Material provided Start Marker

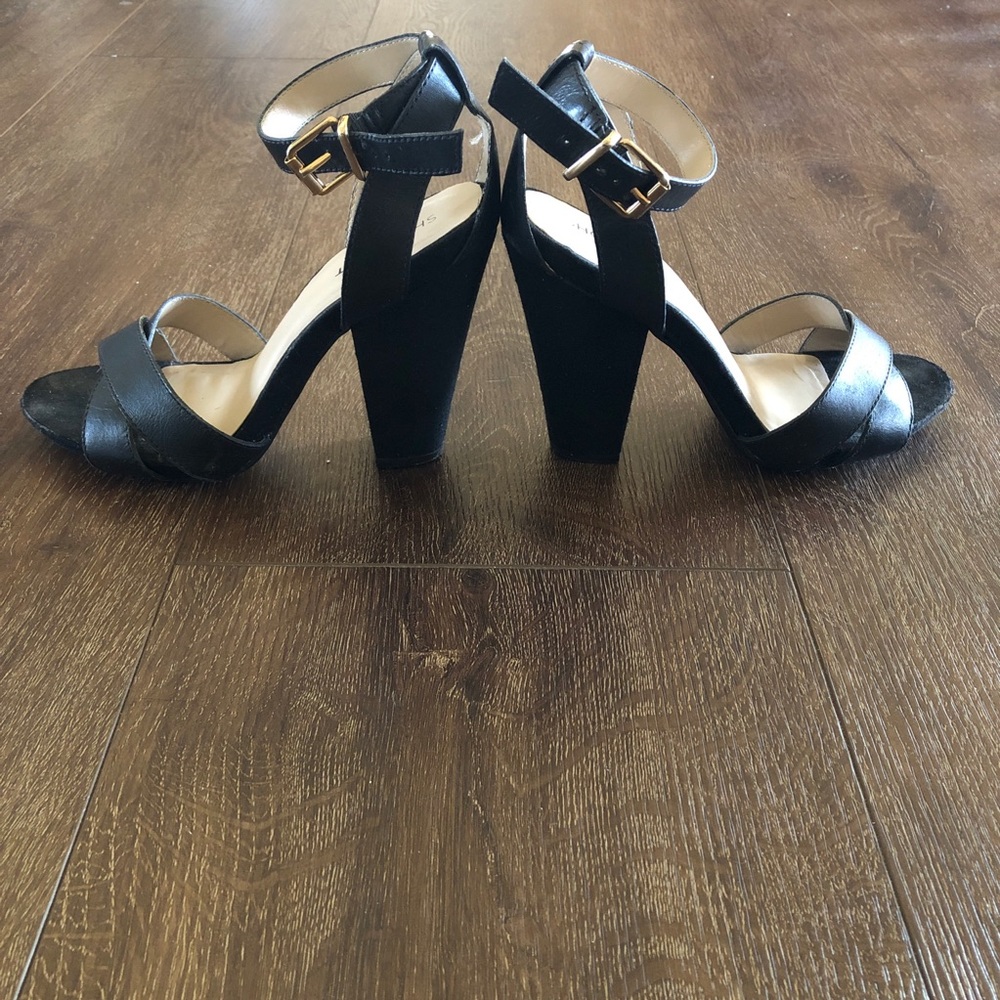 Shoemint Black Block Heel Sandals With Gold Hardw… - image 4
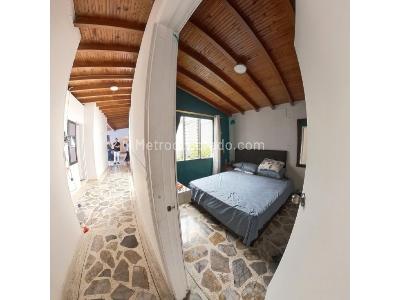 Casa de 4 alcobas en venta en Los Pinos, Medellín, 151 m² · foto 11 de 13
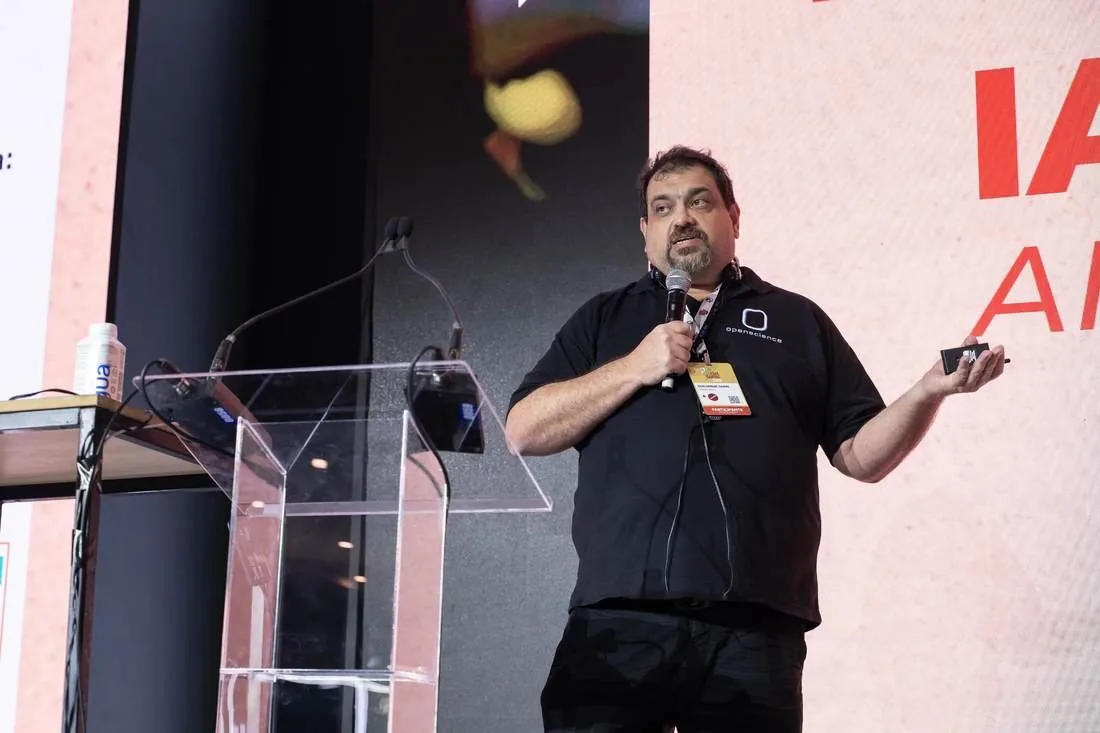 Guilherme Post Sabin apresentando no Seminário Internacional do Café, em Santos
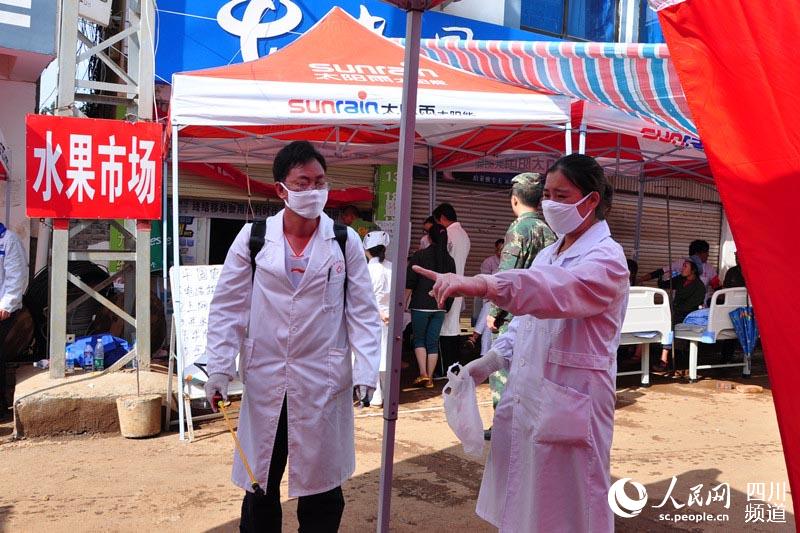包谷垴乡卫生院工作人员对临时救援点进行喷药消毒。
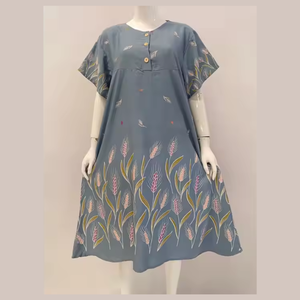 Robe de soirée/formelle simple et modeste pour femmes par Chrysanta, 100% rayonne, sans manches, longueur au sol - Product Image 1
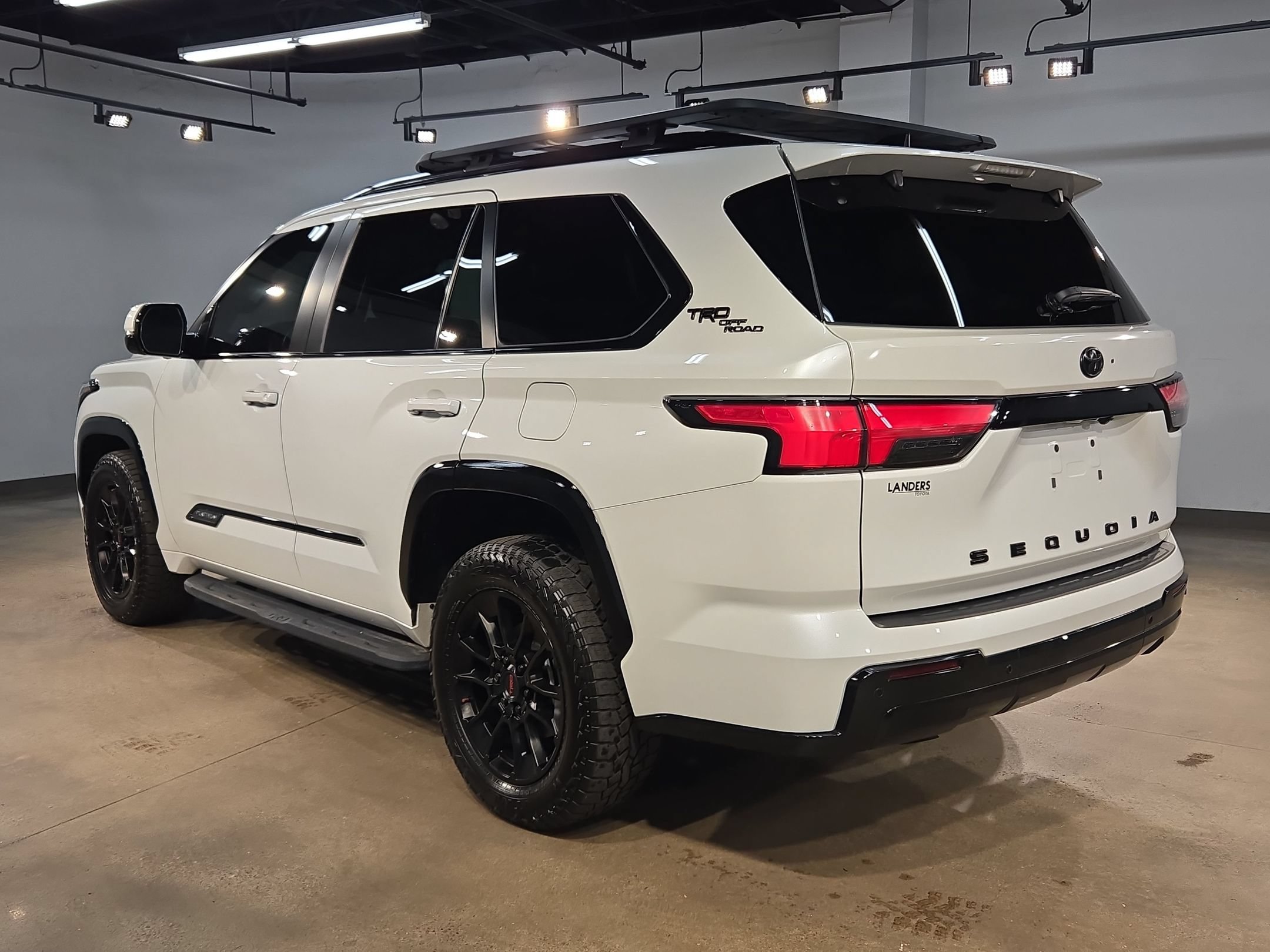 Used 2024 Toyota Sequoia Platinum w/ TRD Off-Road Package AWD/4WD image 5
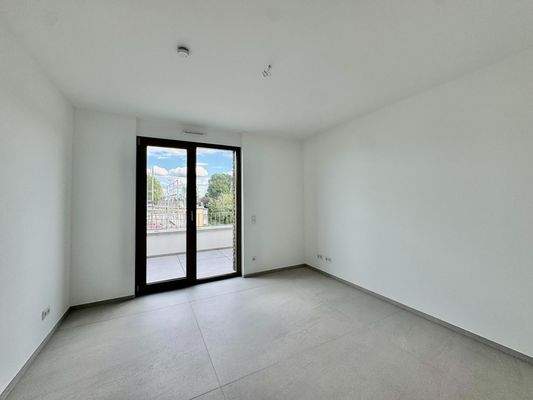 Gäste- / Kinderzimmer / Büro 1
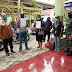 Suasana Bahagia, Danramil 0824/23 Wuluhan Bersama Perangkat Terkait Jemput Warga Pulang Dari Karantina Di JSG Jember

Material provided End Marker

### Required work
Restate the data above word for word. Do not include the images.

### Exercise solution
 Shoemint Black Block Heel Sandals With Gold Hardw… - image 4
 Casa de 4 alcobas en venta en Los Pinos, Medellín, 151 m² · foto 11 de 13
 Guilherme Post Sabin apresentando no Seminário Internacional do Café, em Santos
包谷垴乡卫生院工作人员对临时救援点进行喷药消毒。
 Robe de soirée/formelle simple et modeste pour femmes par Chrysanta, 100% rayonne, sans manches, longueur au sol - Product Image 1
 Used 2024 Toyota Sequoia Platinum w/ TRD Off-Road Package AWD/4WD image 5
 Gäste- / Kinderzimmer / Büro 1
 Suasana Bahagia, Danramil 0824/23 Wuluhan Bersama Perangkat Terkait Jemput Warga Pulang Dari Karantina Di JSG Jember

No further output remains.